6. Verify that new worker nodes are created with Public IP and Private IP addresses in the output.

   ibmcloud oc worker ls --cluster <cluster_name_or_ID> --worker-pool <pool_name>
   

7. Optional: Remove the worker nodes with the previous network metadata from the worker pool.

   1. In the output of the previous step, note the ID of the worker nodes that you want to remove from the worker pool.
   2. Remove the worker node.

      ibmcloud oc worker rm --cluster <cluster_name_or_ID> --worker <worker_name_or_ID>
      

   3. Verify that the worker node is removed.

      ibmcloud oc worker ls --cluster <cluster_name_or_ID> --worker-pool <pool_name>
      

   4. Rebalance the worker pool.

      ibmcloud oc worker-pool rebalance --cluster <cluster_name_or_ID> --worker-pool <pool_name>
      

8. Optional: You can repeat steps 2 - 7 for each worker pool in your cluster. After you complete these steps, all worker nodes in your cluster are set up with the new VLANs.

9. Move networking services to the new VLANs.

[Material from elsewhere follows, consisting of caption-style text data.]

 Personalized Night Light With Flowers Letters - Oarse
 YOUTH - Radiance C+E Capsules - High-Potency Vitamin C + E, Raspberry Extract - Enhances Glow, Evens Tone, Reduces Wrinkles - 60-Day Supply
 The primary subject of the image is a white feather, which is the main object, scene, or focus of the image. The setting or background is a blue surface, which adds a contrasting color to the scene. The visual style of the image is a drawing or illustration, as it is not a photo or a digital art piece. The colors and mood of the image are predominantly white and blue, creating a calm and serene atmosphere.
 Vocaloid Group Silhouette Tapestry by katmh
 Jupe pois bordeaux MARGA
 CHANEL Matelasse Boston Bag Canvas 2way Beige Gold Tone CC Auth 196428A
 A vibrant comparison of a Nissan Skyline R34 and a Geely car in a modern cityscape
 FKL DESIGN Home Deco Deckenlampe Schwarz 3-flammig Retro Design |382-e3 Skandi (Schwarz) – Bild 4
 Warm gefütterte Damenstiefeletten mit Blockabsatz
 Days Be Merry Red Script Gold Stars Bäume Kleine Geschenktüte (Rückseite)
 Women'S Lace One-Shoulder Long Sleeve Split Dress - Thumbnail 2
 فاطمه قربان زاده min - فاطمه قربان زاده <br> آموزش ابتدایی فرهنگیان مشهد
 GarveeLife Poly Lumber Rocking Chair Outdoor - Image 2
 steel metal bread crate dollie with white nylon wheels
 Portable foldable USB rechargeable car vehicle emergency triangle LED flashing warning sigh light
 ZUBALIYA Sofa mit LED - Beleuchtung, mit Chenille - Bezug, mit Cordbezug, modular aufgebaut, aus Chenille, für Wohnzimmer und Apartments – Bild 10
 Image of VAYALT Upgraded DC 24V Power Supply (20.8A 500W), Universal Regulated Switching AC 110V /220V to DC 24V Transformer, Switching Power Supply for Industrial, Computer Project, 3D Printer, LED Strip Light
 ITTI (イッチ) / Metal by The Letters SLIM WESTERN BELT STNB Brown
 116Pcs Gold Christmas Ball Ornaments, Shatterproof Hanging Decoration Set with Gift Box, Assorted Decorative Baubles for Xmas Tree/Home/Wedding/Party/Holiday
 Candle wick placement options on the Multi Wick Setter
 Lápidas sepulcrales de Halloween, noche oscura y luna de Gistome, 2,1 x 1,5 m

The networking services in your cluster are still bound to the old VLAN because their IP addresses are from a subnet on that VLAN.

   • Routers: Because routers can't be moved across VLANs, you can instead create router services on the new VLANs and delete router services on the old VLANs.
   • Ingress ALBs (Red Hat OpenShift version 3.11 only): Because ALBs can't be moved across VLANs, you can instead create ALBs on the new VLANs and disable ALBs on the old VLANs.

10. Optional: If you no longer need the subnets on the old VLANs, you can remove them.